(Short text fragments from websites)
========================================================================

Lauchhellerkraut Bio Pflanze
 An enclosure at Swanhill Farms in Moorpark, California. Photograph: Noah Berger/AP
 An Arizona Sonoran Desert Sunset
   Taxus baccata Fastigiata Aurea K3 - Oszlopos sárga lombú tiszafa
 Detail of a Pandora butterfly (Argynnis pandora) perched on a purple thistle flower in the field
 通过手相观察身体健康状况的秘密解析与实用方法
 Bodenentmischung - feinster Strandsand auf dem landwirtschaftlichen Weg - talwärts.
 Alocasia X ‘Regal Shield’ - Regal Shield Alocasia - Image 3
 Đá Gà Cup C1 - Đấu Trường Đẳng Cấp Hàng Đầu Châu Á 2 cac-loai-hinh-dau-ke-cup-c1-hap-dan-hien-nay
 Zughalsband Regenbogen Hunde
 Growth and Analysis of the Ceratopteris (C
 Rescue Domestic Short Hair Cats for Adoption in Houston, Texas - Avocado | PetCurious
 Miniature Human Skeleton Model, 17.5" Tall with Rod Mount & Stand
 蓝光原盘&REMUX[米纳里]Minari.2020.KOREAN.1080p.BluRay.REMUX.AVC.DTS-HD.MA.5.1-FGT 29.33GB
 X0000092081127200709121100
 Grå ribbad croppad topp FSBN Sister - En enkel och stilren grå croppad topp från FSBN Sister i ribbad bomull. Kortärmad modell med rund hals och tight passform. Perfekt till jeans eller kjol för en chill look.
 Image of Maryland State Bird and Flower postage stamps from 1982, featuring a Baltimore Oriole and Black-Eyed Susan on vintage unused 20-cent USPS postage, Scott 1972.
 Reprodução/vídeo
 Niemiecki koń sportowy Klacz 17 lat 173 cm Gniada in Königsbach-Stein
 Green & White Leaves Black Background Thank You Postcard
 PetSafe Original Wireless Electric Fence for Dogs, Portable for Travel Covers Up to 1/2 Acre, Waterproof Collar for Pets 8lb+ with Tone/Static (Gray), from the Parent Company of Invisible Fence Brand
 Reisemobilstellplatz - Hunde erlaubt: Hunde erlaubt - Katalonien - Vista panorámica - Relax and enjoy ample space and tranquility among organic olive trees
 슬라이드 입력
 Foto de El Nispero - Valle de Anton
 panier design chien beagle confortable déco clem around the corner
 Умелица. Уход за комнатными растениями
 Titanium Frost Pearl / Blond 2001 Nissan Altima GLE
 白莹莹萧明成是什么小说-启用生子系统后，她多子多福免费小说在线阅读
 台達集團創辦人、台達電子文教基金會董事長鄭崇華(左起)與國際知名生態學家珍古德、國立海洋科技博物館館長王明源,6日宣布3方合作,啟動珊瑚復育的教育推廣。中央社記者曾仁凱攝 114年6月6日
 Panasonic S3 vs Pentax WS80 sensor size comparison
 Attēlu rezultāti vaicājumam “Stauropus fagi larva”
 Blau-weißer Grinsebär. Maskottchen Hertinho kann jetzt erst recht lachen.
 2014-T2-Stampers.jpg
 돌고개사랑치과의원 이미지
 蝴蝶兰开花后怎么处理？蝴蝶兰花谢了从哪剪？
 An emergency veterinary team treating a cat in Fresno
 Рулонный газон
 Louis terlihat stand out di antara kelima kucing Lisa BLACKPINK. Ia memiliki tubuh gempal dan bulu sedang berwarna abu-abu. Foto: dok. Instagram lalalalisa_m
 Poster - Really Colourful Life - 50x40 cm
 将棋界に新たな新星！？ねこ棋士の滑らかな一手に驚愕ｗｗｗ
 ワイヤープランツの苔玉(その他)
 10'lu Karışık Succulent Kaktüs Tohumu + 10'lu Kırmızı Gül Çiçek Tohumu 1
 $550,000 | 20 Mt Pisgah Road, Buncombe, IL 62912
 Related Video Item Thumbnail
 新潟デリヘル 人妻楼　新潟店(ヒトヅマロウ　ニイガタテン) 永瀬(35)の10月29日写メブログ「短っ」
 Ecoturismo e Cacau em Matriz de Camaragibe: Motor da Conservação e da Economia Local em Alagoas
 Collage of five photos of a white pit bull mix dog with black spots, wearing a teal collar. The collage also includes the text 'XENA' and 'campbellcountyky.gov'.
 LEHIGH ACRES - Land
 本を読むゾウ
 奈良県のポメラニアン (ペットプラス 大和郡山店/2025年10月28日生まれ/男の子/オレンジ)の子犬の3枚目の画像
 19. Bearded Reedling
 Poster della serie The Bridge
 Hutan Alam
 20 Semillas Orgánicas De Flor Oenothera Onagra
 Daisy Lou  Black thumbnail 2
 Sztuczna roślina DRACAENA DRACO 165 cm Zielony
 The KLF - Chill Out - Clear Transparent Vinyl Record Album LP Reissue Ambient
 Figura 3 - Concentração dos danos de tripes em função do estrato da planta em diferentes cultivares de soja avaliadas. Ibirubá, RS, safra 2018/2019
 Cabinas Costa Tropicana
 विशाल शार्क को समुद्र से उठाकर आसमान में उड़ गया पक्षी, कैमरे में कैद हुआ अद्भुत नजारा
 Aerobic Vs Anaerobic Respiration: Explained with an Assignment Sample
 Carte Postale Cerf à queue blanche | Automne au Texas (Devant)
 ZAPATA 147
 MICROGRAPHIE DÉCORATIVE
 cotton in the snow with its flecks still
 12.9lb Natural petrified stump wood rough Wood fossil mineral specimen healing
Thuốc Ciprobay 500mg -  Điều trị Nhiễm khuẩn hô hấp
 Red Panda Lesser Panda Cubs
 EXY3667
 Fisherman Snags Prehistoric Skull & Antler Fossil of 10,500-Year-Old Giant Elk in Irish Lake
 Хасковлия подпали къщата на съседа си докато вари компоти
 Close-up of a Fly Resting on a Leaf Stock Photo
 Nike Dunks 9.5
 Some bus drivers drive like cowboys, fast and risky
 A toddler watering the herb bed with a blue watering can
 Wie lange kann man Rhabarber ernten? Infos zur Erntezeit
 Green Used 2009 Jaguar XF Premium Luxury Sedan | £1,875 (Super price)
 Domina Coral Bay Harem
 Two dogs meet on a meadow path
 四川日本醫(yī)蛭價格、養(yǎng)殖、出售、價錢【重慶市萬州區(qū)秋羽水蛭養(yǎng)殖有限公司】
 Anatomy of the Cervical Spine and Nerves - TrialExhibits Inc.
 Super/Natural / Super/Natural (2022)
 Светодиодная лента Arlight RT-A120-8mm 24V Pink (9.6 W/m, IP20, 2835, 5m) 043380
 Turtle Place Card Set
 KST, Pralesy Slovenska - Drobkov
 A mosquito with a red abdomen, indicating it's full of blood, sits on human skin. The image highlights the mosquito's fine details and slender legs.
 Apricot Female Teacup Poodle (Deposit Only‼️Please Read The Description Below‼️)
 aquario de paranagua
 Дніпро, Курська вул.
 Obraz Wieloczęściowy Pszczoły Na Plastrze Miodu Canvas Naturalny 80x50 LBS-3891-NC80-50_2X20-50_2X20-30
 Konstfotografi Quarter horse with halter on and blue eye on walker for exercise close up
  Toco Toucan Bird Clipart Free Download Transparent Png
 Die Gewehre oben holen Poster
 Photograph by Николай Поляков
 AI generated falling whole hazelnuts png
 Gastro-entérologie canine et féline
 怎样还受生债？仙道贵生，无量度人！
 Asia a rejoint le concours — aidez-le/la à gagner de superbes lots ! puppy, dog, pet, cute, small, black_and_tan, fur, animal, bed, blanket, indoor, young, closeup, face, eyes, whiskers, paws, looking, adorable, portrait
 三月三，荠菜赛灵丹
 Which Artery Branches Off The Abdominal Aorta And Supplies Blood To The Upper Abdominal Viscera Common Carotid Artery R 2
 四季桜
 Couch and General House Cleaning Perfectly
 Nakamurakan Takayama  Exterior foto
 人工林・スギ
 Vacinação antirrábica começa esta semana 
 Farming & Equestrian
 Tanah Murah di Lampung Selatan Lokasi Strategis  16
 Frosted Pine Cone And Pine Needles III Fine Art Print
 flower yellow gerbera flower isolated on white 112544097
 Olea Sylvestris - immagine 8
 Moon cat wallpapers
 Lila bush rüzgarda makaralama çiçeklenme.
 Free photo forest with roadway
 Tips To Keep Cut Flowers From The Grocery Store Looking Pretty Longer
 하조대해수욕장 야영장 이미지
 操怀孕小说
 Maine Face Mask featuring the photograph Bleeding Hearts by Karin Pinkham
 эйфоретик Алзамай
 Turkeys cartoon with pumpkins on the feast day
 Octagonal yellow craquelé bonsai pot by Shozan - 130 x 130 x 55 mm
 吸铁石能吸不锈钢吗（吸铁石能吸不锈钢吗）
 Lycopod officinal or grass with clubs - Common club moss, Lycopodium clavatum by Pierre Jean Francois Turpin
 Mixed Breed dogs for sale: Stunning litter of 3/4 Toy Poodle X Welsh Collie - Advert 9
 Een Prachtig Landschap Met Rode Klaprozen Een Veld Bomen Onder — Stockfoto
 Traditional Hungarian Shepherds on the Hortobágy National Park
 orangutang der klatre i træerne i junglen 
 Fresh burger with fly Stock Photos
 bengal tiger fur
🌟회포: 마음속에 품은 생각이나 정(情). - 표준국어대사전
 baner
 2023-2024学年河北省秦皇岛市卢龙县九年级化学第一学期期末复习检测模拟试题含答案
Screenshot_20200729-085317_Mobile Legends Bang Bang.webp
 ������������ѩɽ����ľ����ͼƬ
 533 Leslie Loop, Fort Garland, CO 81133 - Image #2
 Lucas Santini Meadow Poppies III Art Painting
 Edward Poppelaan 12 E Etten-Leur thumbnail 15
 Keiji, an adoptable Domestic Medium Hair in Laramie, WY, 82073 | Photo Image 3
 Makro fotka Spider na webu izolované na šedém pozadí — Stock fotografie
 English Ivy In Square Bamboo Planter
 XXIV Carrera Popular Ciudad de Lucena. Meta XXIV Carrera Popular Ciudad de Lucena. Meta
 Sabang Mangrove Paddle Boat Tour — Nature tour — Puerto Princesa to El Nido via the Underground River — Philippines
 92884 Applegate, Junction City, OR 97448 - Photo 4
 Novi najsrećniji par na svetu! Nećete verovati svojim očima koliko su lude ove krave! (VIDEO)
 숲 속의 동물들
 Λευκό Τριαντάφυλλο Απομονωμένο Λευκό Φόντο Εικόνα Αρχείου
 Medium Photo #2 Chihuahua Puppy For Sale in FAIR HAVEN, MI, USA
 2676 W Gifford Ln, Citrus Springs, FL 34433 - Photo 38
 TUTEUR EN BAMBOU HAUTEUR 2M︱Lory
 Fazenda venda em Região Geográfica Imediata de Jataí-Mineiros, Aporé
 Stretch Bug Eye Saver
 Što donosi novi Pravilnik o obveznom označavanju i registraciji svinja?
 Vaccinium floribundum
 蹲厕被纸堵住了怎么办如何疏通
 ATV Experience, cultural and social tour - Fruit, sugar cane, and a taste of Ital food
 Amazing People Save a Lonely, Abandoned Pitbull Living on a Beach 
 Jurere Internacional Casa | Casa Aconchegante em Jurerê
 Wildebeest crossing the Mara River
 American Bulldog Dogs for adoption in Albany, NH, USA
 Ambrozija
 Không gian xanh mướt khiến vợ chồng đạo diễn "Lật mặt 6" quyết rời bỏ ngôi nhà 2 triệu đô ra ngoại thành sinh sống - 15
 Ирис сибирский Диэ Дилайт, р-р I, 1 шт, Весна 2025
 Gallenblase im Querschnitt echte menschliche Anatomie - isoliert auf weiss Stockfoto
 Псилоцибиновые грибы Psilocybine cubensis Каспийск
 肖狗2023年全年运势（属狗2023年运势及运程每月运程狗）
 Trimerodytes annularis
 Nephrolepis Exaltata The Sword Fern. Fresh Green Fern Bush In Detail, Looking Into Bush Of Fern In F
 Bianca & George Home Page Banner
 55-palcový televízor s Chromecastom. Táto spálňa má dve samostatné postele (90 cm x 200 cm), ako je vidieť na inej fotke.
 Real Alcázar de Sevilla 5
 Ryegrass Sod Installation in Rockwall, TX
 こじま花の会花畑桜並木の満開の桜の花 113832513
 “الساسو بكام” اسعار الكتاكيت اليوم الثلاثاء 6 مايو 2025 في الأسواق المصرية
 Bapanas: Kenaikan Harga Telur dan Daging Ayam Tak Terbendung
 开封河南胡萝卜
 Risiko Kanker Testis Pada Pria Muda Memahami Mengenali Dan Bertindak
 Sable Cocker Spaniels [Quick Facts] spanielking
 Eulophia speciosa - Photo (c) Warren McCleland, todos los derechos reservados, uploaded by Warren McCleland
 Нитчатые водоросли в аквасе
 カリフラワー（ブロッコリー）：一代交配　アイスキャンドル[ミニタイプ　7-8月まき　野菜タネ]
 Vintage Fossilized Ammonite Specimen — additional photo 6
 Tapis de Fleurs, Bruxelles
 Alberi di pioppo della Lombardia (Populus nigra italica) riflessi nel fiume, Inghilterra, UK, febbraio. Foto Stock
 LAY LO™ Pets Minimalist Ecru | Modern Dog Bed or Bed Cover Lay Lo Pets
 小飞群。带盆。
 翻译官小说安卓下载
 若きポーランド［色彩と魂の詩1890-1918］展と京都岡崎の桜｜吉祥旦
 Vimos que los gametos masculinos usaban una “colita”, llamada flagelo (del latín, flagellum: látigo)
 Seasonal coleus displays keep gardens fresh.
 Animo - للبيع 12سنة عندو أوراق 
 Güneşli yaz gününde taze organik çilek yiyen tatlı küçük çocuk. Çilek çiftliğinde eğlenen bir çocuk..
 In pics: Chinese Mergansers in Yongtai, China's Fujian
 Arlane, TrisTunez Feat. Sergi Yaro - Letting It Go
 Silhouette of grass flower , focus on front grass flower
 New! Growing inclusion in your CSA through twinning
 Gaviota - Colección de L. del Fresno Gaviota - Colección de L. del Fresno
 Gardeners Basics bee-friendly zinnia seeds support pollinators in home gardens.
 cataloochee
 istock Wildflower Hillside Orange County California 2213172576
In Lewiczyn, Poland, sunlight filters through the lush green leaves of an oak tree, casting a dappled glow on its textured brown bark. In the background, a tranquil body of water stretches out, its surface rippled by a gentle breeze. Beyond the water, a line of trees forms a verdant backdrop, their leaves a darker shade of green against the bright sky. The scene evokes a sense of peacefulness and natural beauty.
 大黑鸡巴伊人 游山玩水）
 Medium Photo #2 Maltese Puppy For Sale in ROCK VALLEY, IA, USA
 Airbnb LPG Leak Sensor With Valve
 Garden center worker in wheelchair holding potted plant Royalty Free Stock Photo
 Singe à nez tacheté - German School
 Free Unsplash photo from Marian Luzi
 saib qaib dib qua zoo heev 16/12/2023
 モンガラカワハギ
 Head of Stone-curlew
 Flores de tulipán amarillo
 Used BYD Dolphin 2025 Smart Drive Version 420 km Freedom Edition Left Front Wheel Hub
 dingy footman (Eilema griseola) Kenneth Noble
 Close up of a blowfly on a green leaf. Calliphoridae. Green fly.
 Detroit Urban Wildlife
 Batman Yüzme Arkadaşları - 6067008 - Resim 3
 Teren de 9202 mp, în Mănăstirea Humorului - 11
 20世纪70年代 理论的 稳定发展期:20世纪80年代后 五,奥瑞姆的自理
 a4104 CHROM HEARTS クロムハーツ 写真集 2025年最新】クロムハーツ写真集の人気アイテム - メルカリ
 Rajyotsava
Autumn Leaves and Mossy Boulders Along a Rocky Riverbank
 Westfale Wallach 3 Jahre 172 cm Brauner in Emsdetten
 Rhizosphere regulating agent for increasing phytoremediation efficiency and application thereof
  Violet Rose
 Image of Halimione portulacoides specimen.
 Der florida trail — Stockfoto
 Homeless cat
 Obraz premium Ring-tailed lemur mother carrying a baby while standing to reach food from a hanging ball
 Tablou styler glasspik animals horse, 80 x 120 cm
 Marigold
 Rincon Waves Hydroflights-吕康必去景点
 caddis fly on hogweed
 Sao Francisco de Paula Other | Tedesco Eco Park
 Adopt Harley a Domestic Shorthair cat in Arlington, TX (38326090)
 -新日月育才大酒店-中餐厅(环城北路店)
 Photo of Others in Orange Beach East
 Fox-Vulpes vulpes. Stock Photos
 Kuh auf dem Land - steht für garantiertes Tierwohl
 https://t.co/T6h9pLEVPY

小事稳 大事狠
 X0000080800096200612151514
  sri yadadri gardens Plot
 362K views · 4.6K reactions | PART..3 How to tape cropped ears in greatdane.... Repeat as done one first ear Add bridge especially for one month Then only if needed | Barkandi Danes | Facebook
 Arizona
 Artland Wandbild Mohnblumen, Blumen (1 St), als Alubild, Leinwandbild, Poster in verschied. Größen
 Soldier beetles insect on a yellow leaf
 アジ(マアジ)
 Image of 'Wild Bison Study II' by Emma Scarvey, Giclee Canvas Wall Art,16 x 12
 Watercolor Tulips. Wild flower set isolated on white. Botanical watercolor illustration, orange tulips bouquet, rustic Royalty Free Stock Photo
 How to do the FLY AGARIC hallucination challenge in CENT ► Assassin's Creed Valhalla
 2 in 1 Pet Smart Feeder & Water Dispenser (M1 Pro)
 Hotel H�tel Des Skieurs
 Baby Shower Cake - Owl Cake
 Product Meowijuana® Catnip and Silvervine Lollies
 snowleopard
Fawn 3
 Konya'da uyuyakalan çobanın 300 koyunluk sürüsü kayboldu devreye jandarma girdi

========================================================================

How to complete this task: Please transcribe exactly the lines above from the line that has "Der florida trail — Stockfoto" up to and including the line that has "sri yadadri gardens Plot"; no other line belongs in the answer.

Answer box:
 Der florida trail — Stockfoto
 Homeless cat
 Obraz premium Ring-tailed lemur mother carrying a baby while standing to reach food from a hanging ball
 Tablou styler glasspik animals horse, 80 x 120 cm
 Marigold
 Rincon Waves Hydroflights-吕康必去景点
 caddis fly on hogweed
 Sao Francisco de Paula Other | Tedesco Eco Park
 Adopt Harley a Domestic Shorthair cat in Arlington, TX (38326090)
 -新日月育才大酒店-中餐厅(环城北路店)
 Photo of Others in Orange Beach East
 Fox-Vulpes vulpes. Stock Photos
 Kuh auf dem Land - steht für garantiertes Tierwohl
 https://t.co/T6h9pLEVPY

小事稳 大事狠
 X0000080800096200612151514
  sri yadadri gardens Plot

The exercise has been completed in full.